Imraan Coovadia (born 1970) is a South African novelist, essayist, and academic. He is the director of the creative writing program at the University of Cape Town. He has taught 19th-Century Studies and Creative Writing at a number of US universities. His debut novel, The Wedding, published simultaneously in the US and SA in 2001, has been translated into Hebrew and Italian.

== Background ==
Imraan Coovadia was born in Durban, in 1970, South Africa to Jerry Coovadia and Zubie (Zubeida) Hamed. His father is a well-known AIDS activist, member of the UDF and doctor. His mother is a dermatologist. He is a regular contributor to various newspapers, journals and magazines such as N+1, Agni, The New York Times, Boston Globe, The Times of India, and South Africa's The Mail and Guardian and Sunday Independent (South Africa).

==Education and career ==
Coovadia spent his early years in Durban, attending Highbury Preparatory School where he was the School Dux and then the prestigious Hilton College (South Africa) before moving to the United States to study at Harvard College where he majored in Philosophy. Later, he would achieve his doctorate at Yale University. He currently lectures at the University of Cape Town (UCT), and is the director of the Creative Writing program.

== Life and writing ==
Coovadia has travelled and lived widely, as extensively as, London, Melbourne, Boston, New York City, Durban and Cape Town. His writing reflects this in its diverse themes and influences. His early novels were focused more on South African Indian experiences. He was also influenced stylistically by V. S. Naipaul and others. His first novel, The Wedding, was published in 2001. The novel was well received, garnering a variety of accolades such as runner-up in the Sunday Times Fiction Award (2002), longlisted for the International Dublin Literary Award, a finalist for the first annual Connecticut Book Award, and short-listed for the Ama-Boeke Prize (2003).

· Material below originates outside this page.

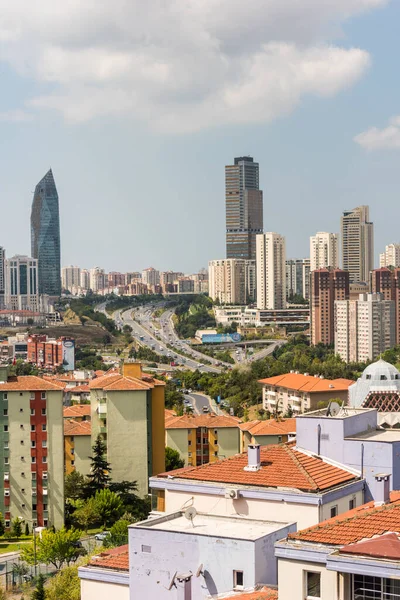İstanbul 'un Atasehir' deki Asya tarafında yer alan modern ufuk çizgileri, İstanbul, Türkiye 'nin Asya yakasında yer almaktadır..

His early writing is considered an important addition to Indian-South African literature, in that it deals with the issues of migration, mobility, historical concerns, loss of culture and nationality. His style is comedic and thoughtful. His later writing, such as the Institute for Taxi Poetry, is set in Cape Town and explores both the taxi industry and the intricacies of life in Cape Town.

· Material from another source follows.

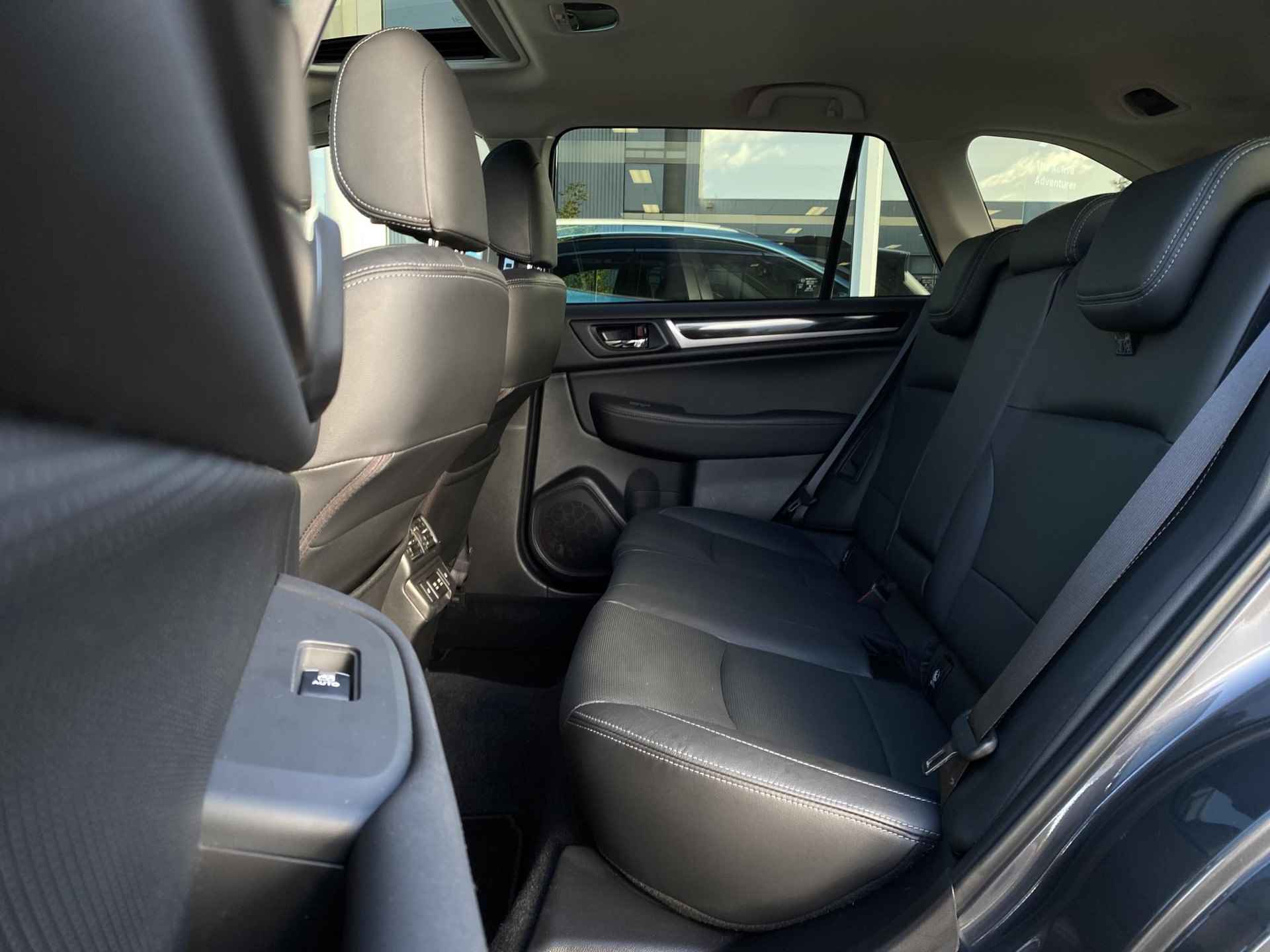Subaru Outback 2.5i Premium | Navigatie | Stuurwielverwarming | Eyesight | Adaptieve cruise control | Stoelverwarming voor en achter | Trekhaak | Elektrisch schuif/kantel dak | - 8/45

As an academic at UCT, his research interests include: 18- and 19th-century English and American literature, philosophy and literature, political and social thought of the 18th and 19th centuries including Adam Smith, Hazlitt, Hume, Edmund Burke, and Swift, and contemporary fiction. Coovadia is also known for his contribution to the controversial debate surrounding JM Coetzee's biography by J.C Kannemeyer. His writing has been the focus of a 2016 special issue of the scholarly journal Current Writing.

==Awards==
His debut novel, The Wedding, was shortlisted for the 2002 Sunday Times Fiction Award, Ama-Boeke Prize (2003), International Dublin Literary Award (2005), and was chosen as book of the week by Exclusive Books (South Africa) and Asian Week.com. He has also won The Sunday Times Fiction Prize and the University of Johannesburg Prize for his 2010 novel, High Low In-between and the English category of the M-Net Literary Awards for his 2012 novel, The Institute for Taxi Poetry.

== Fictions ==

=== The Wedding ===
The Wedding (2001) was published by Picador. The Wedding is a novel that describes the journey of Ismet Nassin from India to South Africa and the love story between Ismet and Khateja. The story is based on Coovadia's grandparents' journey to South Africa. The book has also been called a subcontinental version of Shakespeare's The Taming of the Shrew.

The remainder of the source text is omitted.